According to the local news outlet TASS, the Russian central bank has been rethinking the approach to regulating cryptocurrency and has reached an agreement with the finance ministry to legitimize cryptocurrency for cross-border payments.
According to reports, deputy finance minister Alexei Moiseev stated that the Bank of Russia and the finance ministry anticipate legalizing cross-border cryptocurrency payments soon.
The need for local cryptocurrency services in Russia was emphasized by Moiseev, who pointed out that many Russians use international sites to create cryptocurrency wallets.
This must be done in Russia, the official said, engaging organizations under the central bank’s supervision who are required to adhere to Know Your Customer and anti-money laundering regulations.
Legislators in Russia have long been against the concept of accepting cryptocurrency as payment. A significant crypto regulation called “On Digital Financial Assets” was approved by Russia in 2020, outlawing the usage of cryptocurrencies like Bitcoin (BTC) as payment methods.
Since the Russian ruble is the only form of legal tender in the nation, the Bank of Russia has been wary of the idea of cryptocurrency payments.
In Russia, the concept of using cryptocurrencies as a form of payment first emerged in late 2021. Then, Russian President Vladimir Putin remarked that using cryptocurrency for trading energy resources like oil and gas was “still premature.”
Following Russia’s invasion of Ukraine, the situation appears to have shifted due to economic penalties from the West.
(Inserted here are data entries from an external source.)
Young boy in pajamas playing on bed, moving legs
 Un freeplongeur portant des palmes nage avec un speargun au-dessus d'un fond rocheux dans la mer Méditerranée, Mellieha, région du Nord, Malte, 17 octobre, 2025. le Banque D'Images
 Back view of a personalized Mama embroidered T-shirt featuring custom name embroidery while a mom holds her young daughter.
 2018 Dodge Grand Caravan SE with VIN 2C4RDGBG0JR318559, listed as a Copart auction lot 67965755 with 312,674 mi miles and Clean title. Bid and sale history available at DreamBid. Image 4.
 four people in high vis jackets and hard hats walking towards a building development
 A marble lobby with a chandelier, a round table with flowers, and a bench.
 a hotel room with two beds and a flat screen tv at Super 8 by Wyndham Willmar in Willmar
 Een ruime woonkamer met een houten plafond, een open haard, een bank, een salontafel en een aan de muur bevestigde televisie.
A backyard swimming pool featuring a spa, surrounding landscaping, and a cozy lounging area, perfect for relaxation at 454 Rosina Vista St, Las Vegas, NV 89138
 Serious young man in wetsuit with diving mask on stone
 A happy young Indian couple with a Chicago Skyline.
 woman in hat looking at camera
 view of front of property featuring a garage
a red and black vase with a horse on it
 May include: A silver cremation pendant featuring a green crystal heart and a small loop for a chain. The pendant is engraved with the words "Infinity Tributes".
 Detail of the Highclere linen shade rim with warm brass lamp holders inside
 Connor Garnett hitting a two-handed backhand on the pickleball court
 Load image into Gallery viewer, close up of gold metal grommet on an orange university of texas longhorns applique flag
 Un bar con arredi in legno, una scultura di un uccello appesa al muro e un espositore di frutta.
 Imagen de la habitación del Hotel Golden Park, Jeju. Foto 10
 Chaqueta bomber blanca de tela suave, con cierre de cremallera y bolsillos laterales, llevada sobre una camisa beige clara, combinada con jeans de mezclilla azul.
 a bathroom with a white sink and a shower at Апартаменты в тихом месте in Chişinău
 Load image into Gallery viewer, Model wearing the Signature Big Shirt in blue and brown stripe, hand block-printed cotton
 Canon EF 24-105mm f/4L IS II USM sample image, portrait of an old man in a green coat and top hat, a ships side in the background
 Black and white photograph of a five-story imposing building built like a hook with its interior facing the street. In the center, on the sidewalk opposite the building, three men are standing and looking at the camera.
The Minister of Industry and Trade stated in May that Russia would “sooner or later” authorize cryptocurrency payments.
Elvira Nabiullina, head of the Bank of Russia, later said that cryptocurrency might be used for international payments—but only provided it doesn’t enter Russia’s domestic financial system.
Moiseev claims that the central bank has reevaluated how it intends to control the sector “given that the situation has altered.” The planned infrastructure, he continued, is “too stiff” to support the usage of cryptocurrencies in international payments. Which we undoubtedly need to legalize in some way, he added.